Just a quick one to note a couple of good reads I have had this weekend - just newspaper articles, but of the sort that attract my attention, so much so in fact that I have printed copies out for myself (testing out the new whizz bang scanner printer we have gotten).

This one from the Guardian is basically about the moment where the glass suddenly looks half empty instead of half full, the straw has finally broken the camel's back and such. With wars in Afghanistan, Iraq and Lebanon - not to mention the not quite genocide in Darfur, nor the probable conflict between Ethiopia and the Islamist factions in Somalia - and North Korea firing missiles, Iran possibly building nukes, along with Gaza being hit by 300 artillery shells per day. Oh, and Condi preaching to the Cubans that they will have democracy soon - because it has been such a hit in Baghdad - oh, civil war is a possibility in Iraq according to the top brass in the Pentagon, whatever happened to Strategy for Victory?

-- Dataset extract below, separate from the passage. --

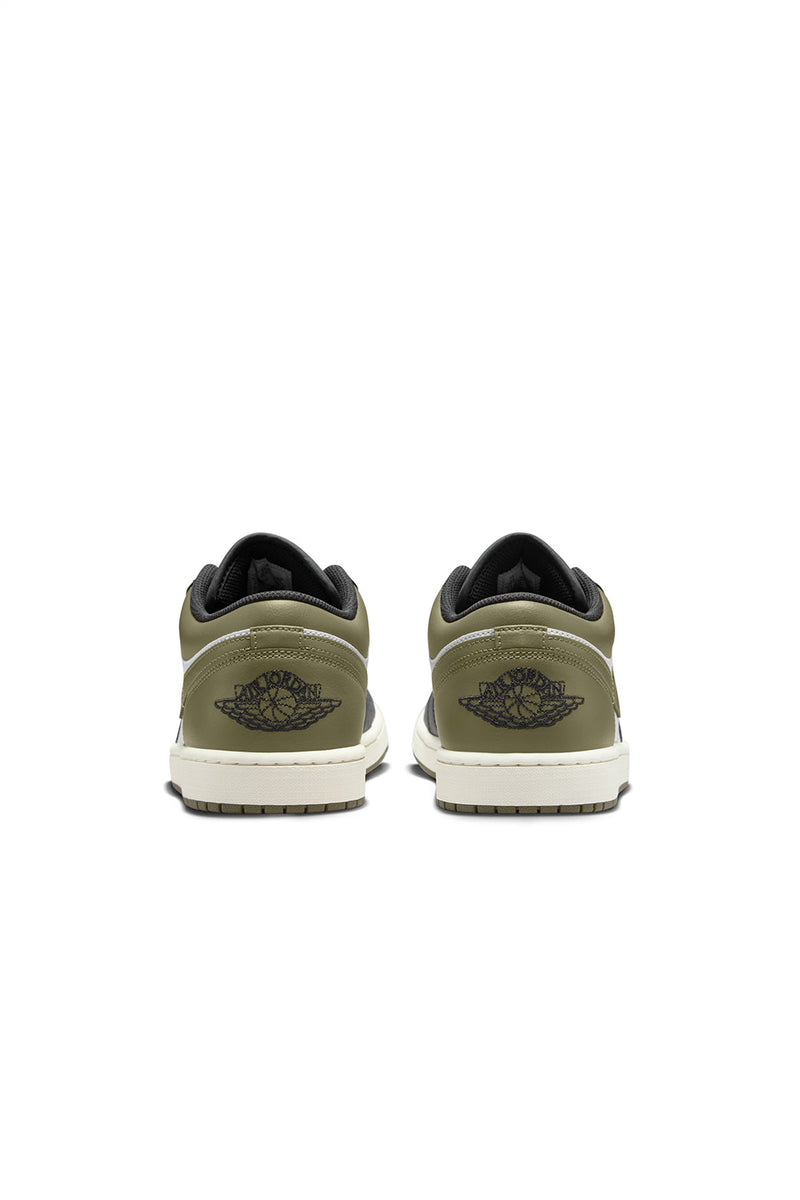 Air Jordan 1 Low 'Black/White/Medium Olive'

It's all too much to take in sometimes - and V in particular says that I should stay away from newspapers, or at least the international pages in them, and focus on the positives on a more local level. Or even stay away from Australian or Brisbane news and focus on friends and family. Sometimes I would love to just be able to go to mySpace instead of the BBC news site on my web travels, but I am just not hard wired that way.

The second article that has caught my attention this weekend is from the New York Times, about men without college/university qualifications having less chance of getting married than a generation ago, whereas the reverse is true for women - these being American statistics of course. Hmm, I don't have a university qualification...

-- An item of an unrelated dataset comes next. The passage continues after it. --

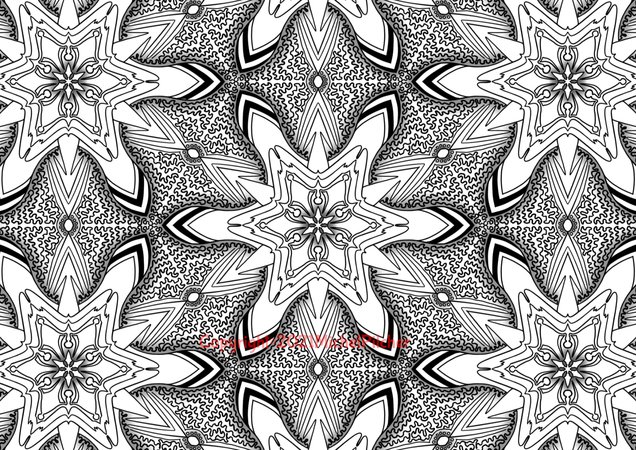 Printable Adult Colouring Book Digital, 10 Animal Shape Mandala's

An interesting article, but hard to summarise or paraphrase it - I don't want to say that women are more financially independent or picky or anything, based on one or two comments in the piece LOL. Or to say that the job market for 'uneducated' men - boy, I dislike that phrase, as if going to lectures is the only sort of education you can have - is more unstable than it was back in the day, or despite how intelligent a person may be, they could never be management material without a series of letters after their names. Or to generalise about how men who don't settle down are therefore always afraid of commitment...

And of course, with reports like the NYT piece, I look at myself, and inwardly shudder.

I am my own worst critic though, in all aspects of my life.